Lost node, now cannot re-add it

rugby

Member
Oct 24, 2009
138
0
16
I've followed the steps in the wiki and ensured my switch has multi-cast enabled but cannot add my replaced node back into my cluster. I get hung up at "Waiting for Quorum" Here's the output from new replacement node:

root@proxmox03:~# pvecm add X.X.X.X
The authenticity of host 'X.X.X.X (X.X.X.X)' can't be established.
RSA key fingerprint is 7d:35:d2:e1:f1:d4:24:51:92:97:7e:7e:b4:66:57:38.
Are you sure you want to continue connecting (yes/no)? yes
root@X.X.X.X's password:
copy corosync auth key
stopping pve-cluster service
Stopping pve cluster filesystem: pve-cluster.
backup old database
Starting pve cluster filesystem : pve-cluster.
Starting cluster:
Checking if cluster has been disabled at boot... [ OK ]
Checking Network Manager... [ OK ]
Global setup... [ OK ]
Loading kernel modules... [ OK ]
Mounting configfs... [ OK ]
Starting cman... [ OK ]
Waiting for quorum... Timed-out waiting for cluster
[FAILED]
waiting for quorum...

Here's the output on one of the cluster members:


root@proxmox01:~# pvecm nodes
Node Sts Inc Joined Name
1 M 516 2013-11-16 08:37:47 proxmox01
2 M 564 2013-12-23 12:35:59 proxmox02
3 X 0 proxmox03
4 M 564 2013-12-23 12:35:59 proxmox04

Ideas?
 
I've followed the steps in the wiki and ensured my switch has multi-cast enabled but cannot add my replaced node back into my cluster. I get hung up at "Waiting for Quorum" Here's the output from new replacement node:
...
Ideas?

try

#clustat

and see if "Member Status: Quorate" is there.

otherwise, try

#pvecm e 1

to temporarily put cluster quorate manually.

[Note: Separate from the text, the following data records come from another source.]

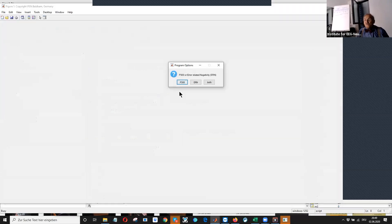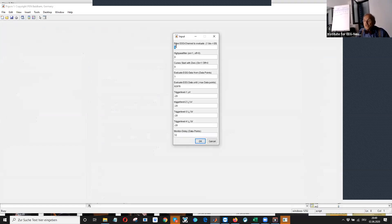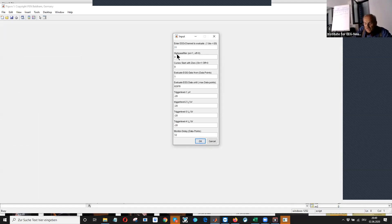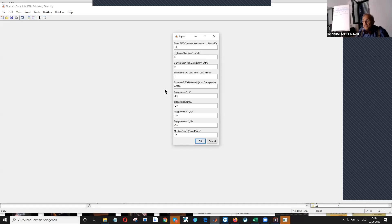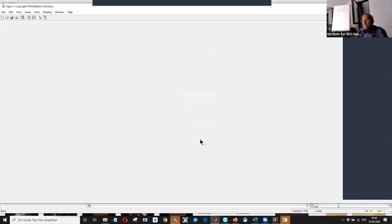You only have to say, okay, I want the P300, not an ERP. You select the channel, which channel you want to analyze. 18 was the channel for CZ, the central of the brain. And you should say run.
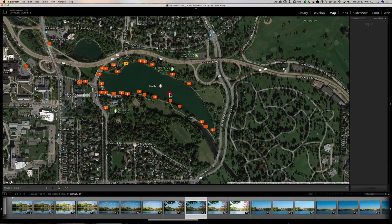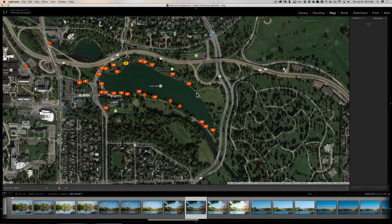That's a couple of tips on using the map module in Lightroom. If you're wondering how I plotted these markers to begin with, I have a video available where I talk about a smartphone app that will geotag your position as you walk. You can then combine that info with the actual images you took, and it will geotag your images automatically. I'll have that video linked below, so take a look if you have a camera that doesn't have GPS built in — you can use an app and geotag your images very easily.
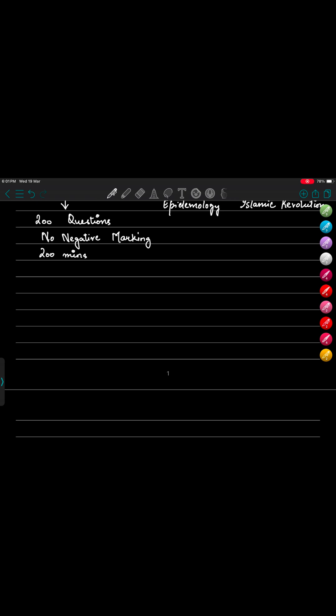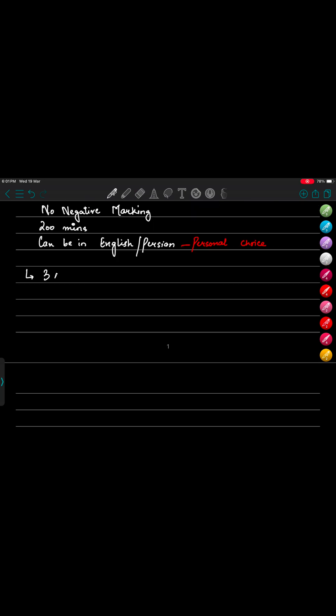Usually for internationals it is in English. Talking about the number of attempts, we have three attempts allowed, and each year we can give the exam two times - one in Feb and one in September.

then you should be able to join new node and quorum should be reset automatically

Marco
 
try

#clustat

and see if "Member Status: Quorate" is there.

otherwise, try

#pvecm e 1

to temporarily put cluster quorate manually.

then you should be able to join new node and quorum should be reset automatically

Marco


root@proxmox03:~# clustat
Cluster Status for Clusterfish @ Mon Dec 30 10:53:22 2013
Member Status: Inquorate

ran pvecm e 1 and it changed to:


root@proxmox03:~# clustat
Cluster Status for Clusterfish @ Mon Dec 30 10:57:13 2013
Member Status: Quorate


Member Name ID Status
------ ---- ---- ------
proxmox01 1 Offline
proxmox02 2 Offline
proxmox03 3 Online, Local
proxmox04 4 Offline

but it doesn't join and when I try it again it says "authentication key already exists."
 
Ok, new development. I restarted Proxmox04 and now it sees Proxmox03 but not 02 or 01.

root@proxmox04:~# clustat
Cluster Status for Clusterfish @ Mon Dec 30 11:14:17 2013
Member Status: Inquorate


Member Name ID Status
------ ---- ---- ------
proxmox01 1 Offline
proxmox02 2 Offline
proxmox03 3 Online
proxmox04 4 Online, Local


root@proxmox04:~#

Looks like restarting the other 2 nodes should bring it all back together.

**I rebooted the other 2 nodes and all 4 show up now. I think somewhere along the line somebody here had updated some hosts and caused a problem.